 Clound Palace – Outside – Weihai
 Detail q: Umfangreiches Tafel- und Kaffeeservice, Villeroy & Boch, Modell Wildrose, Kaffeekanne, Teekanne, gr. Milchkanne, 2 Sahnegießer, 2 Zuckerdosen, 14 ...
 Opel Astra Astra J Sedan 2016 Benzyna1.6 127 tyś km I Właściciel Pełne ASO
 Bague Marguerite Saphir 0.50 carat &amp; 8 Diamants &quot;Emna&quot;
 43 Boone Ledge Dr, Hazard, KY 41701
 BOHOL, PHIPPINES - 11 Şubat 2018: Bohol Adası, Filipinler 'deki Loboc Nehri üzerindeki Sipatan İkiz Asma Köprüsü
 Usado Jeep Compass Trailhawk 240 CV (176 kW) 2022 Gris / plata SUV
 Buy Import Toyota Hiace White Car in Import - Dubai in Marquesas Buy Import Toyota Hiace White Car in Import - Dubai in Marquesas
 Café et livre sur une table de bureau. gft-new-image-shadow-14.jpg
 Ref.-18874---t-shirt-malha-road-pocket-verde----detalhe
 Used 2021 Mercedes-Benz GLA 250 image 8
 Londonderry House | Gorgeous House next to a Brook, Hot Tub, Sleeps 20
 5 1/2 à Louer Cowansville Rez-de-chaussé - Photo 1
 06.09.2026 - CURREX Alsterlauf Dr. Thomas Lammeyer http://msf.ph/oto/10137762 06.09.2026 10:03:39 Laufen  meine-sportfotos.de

--------------------

## THE TASK
The answer is a count and nothing more: lines above that contain "image".

## TASK ANSWER
2